Ingesting Data from Hadoop in Batches

Last updated: 2020-11-23 15:45:52

    This document describes how to load data files from a remote Hadoop cluster into a Druid cluster in batches. Operations in this document are all performed by the Hadoop user; therefore, please switch to the Hadoop user in both the Druid and Hadoop clusters.

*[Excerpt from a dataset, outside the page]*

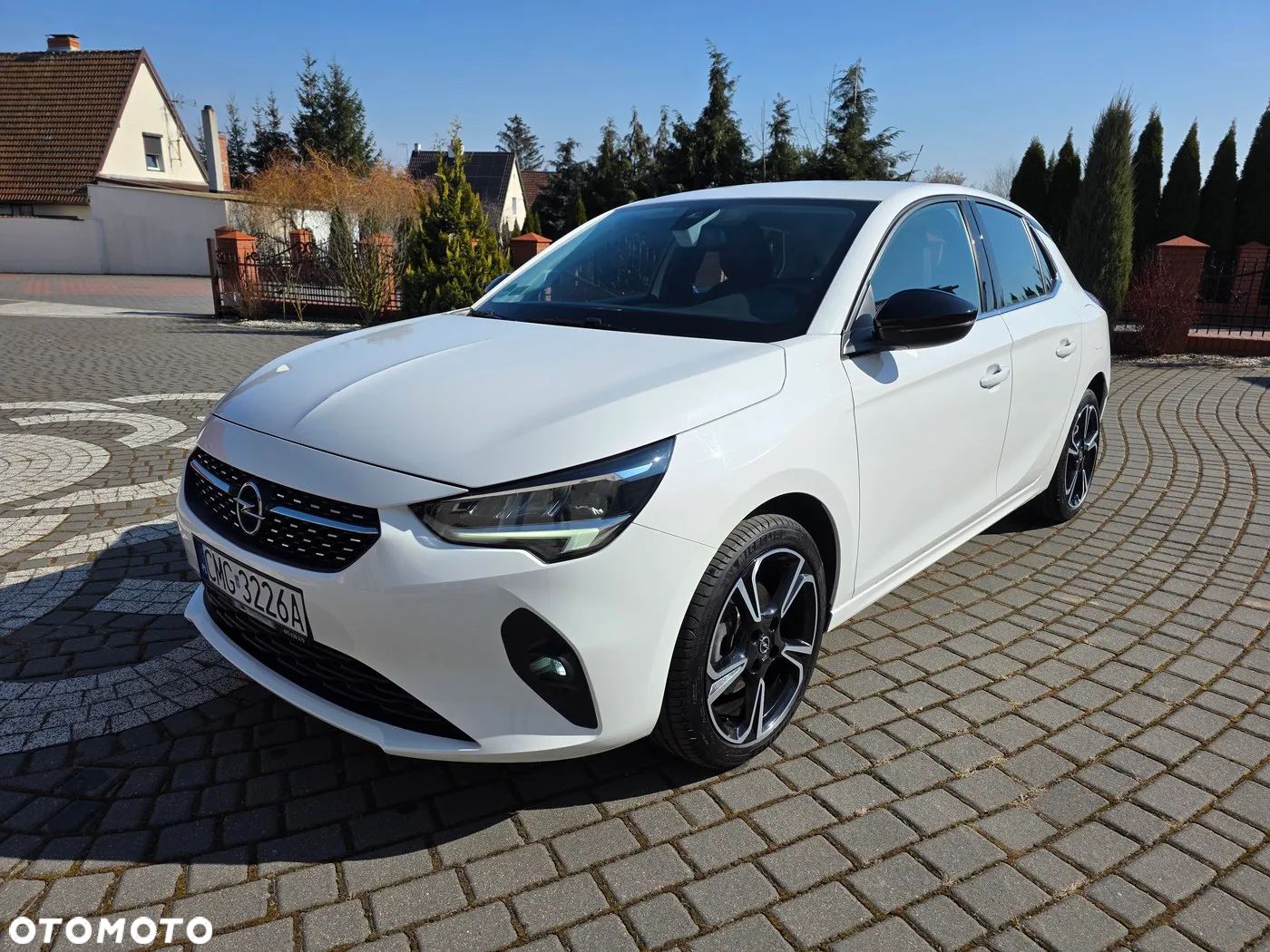Opel Corsa 1.2 Direct Injection Turbo GS - 1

    Loading Data into Druid Cluster in Batches

    1. Run the following commands to create directories as the Hadoop user in the remote Hadoop cluster:
      hdfs dfs -mkdir /druid
      hdfs dfs -mkdir /druid/segments
      hdfs dfs -mkdir /quickstart
      hdfs dfs -chmod 777 /druid
      hdfs dfs -chmod 777 /druid/segments
      hdfs dfs -chmod 777 /quickstart

      Note:

      If the Druid and Hadoop clusters are both self-deployed clusters, the directories need to be created on the corresponding Hadoop cluster (you also need to perform subsequent operations in the correct cluster). If the Druid and Hadoop clusters are the same cluster in the testing environment, you can perform the operations in the same cluster.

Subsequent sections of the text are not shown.